The lotus is mentioned in the Ebers Papyrus, where it is designated as a poison. The hieroglyphic name sšn is reinforced by depiction of the blossom. Modern toxicological analysis has identified four potent narcotic alkaloids in Nymphaea—nymphaeine, nuciferine, nupharidine, and alpha-nupharidine. They are found only in the blossoms and rhizomes (roots) and are soluble in alcohol but not in water. Hieroglyphic texts do not designate color unless a blue pigment was used. The narcotic properties (and potential for poison), are confirmed in modern texts on herbal medicine and toxopharmacology. Nevertheless, the fiction that the lotus is innocuous persists in the literature of both Egyptology and standard botany, perpetuating an error from the Napoleonic era.
The association of wine and lotus blossoms becomes increasingly common from the New Kingdom throughout the later dynasties, in depictions of banquets and in funerary-offering depictions. Modern wines have an alcohol content in the 10 to 17 percent range. It is reasonable to believe that ancient wines did, too, and thus could dissolve the narcotic alkaloids. The Egyptians may well have appreciated the effect of lotus-enhanced wine.

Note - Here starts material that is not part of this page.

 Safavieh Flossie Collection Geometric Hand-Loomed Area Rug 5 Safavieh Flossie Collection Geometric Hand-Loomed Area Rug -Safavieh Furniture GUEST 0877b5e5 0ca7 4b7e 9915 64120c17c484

Women are depicted in ancient Egyptian scenes harvesting lotus blossoms and extracting the essence with a twisted cloth press. The ultimate use was not indicated, but it could have been for perfume, medicine, or to enhance wines. The latter is supported by numerous New Kingdom banquet scenes showing young female servants pouring an unidentified liquid from tiny vials into much larger wine bowls. The inclusion of so many open blue lotuses in such scenes further indicates they were held during the very early morning, in the brief period in which they bloomed; this biological clock functions the same for the cut blossom as for the intact plant.
The white lotus is night blooming and its image is encountered primarily on drinking vessels. These containers probably were for daily use, whereas the blue lotus vessels were reserved for ritual purposes.
- Harer, W. Benson, Jr. “Pharmacological and Biological Properties of the Egyptian Lotus.” Journal of the America Research Center in Egypt 22 (1985), 49–54.
W. Benson Harer, Jr., M. D.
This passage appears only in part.